Bizler bunu neden kabullenemiyoruz? Almanya’da, hastanelerde yılda 19000 insanın doktor hataları, yanlış tedavi sonucunda öldüğünü biliyor muydunuz?
VE BU ÖLÜMLERIN temelinde, kaynağında…
Çoğu zaman ekonomik gerekçelerin yattığını düşünebiliyor, hayal edebiliyor musunuz?
Evet, doktorlar artık ister hastanelerde olsun ister özel muayenehanelerinde kâr amaçlı çalışmak “zorunda”!!! Tabii ki kazanacaksın, tabii ki eğitimine, emeğine uygun bir maddi “mükâfatın” olacak…
Ama bu kâr amaçlı çalışma şekli günümüzde ayyuka çıkmıştır, zirve yapmış, odak noktası itibarıyla doruğa erişmiştir! Bu sahnelere Türkiye alışık olsa gerek, Almanya bu sahnelerle nispeten kısa bir süre önce tanışmaya başladı (Doğu ve Batı Almanya’nın birleşmesinden sonra özellikle). Ben kimsenin ahlak polisi, vicdanı değilim AMA bu konuya dikkat çekmek bir Atatürk milliyetçisi olarak görevim. Hatayı kabullenmek, hatalardan öğrenmek…
Geldik konunun bamteline, zurnanın zırt yaptığı yere (…)
Yönetimin güç kaybından kokması, koltuk davası! Ki burada yönetim ile kastım sadece ülke yönetimi değil mesela, aile büyüğü de olabilir örneğin. Hangimiz hata yaptığımızı öyle kolay kolay kabullenebiliyoruz ki? Evet, KORKU…
Tabiatın canlıyı “hayatta” tutma formül ve dürtüsü. Her tezin bir antitezi, her kutbun bir karşı kutbu olur. Hata kültürünün zıttı, iddia kültürüdür “kendi doğrunun gerçekten doğru olduğunu iddia etme kültürü” Bu olgu yani iddia etme kültürü supoptimal yani yetersiz, standart altı bir anlayış ve “sorun çözme” yöntemidir. Bireyin reşitliği, doğrusunun ve yanlışının ardında durabilme kapasitesi!

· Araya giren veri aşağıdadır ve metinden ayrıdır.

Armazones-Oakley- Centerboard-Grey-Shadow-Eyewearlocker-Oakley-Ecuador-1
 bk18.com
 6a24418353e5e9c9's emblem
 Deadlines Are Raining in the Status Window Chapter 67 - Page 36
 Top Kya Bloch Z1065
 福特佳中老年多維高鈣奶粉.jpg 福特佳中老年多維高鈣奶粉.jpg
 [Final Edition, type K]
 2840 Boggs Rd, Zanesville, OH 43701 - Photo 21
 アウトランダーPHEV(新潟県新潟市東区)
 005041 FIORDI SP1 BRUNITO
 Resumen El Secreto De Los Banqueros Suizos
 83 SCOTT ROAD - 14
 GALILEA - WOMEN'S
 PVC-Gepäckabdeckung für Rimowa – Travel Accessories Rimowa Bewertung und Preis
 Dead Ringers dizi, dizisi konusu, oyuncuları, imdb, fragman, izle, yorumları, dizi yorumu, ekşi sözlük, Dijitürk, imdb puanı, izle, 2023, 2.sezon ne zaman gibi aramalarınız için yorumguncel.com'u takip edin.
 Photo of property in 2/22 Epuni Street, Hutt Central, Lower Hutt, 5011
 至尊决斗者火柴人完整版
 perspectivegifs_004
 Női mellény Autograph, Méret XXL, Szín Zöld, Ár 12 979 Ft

Benim ailem mesela, yani velilerim, yetiştiğim ortam. Küçüklüğümden beri gördüğümdür…
Yapıcı eleştiri, yine karşındakinin yapıcı şekilde sorgulanması…
Mesleğimin de getirisi, hatayı önce kendinde ara, kendini sorgula…
Özeleştiri…
Yıkma, yap. Taş üzerine taş koy. Bu felsefe, bu hayat anlayışıyla büyüdüm. Yaptığın hatanın ardında dur! Her babayiğidin harcı değildir, bunu eminim sizlerde biliyorsunuz. Hatayı kabullenip özür dilemek
Mesela (!) Dedim ya insanız, her şeyi olağanmış gibi, gayet normalmiş gibi kabullenmemek gerek. Kimi şeyleri insanlara öğreteceksin, öğretmek zorunda kalabilirsin. Böylelikle döndük yine konumuza.
Üniversitelere, eğitime.
Burada yine bir parantez açıp konumuzun biraz dışında başka çok önemli bir meseleye değinmek istiyorum. Çok kısa, sadece bilginiz olsun diye. Aslında yine eğitimle ilgili, eğitim ve mantık, mantık ve alınan veya bir kez alinmiş olan kararlarda emsal temsil etme meselesine değinmek istiyorum, konumuz hukuk. Günümüz Türkiye’sinde…
Biliyoruz ki hukuk denilen kavram AKP yardımı ile önce Gülen ve örgütünün (FETÖ demeyi RET EDIYORUM, F. Güllen ve arkası terör örgütüyse ve Gülen çete başıysa, AKP’de terör örgütüdür ve Recep Tayyip Erdoğan ise bu örgütün çete başıdır. Hak, hakkaniyet FETÖ denildiğinde AKTÖ denilmesini de gerektirir) ardından AKP eline geçmiştir. Bağımsız bir yargıdan, kendi hür, vicdanı hür hakimlerden yıllardan beri bahis etmek mümkün değildir! Ve yine ebedi muhalif, müzminleşmiş uyuşuk Y-CHP, AKP ne yaparsa yapsın Anayasa mahkemesine baş vurmaktadır. Sizlere bir şeyler sormak istiyorum; hiç üzerinde düşündünüz, hiç merak ettiniz, hiç üzerinde kafa yordunuz mu?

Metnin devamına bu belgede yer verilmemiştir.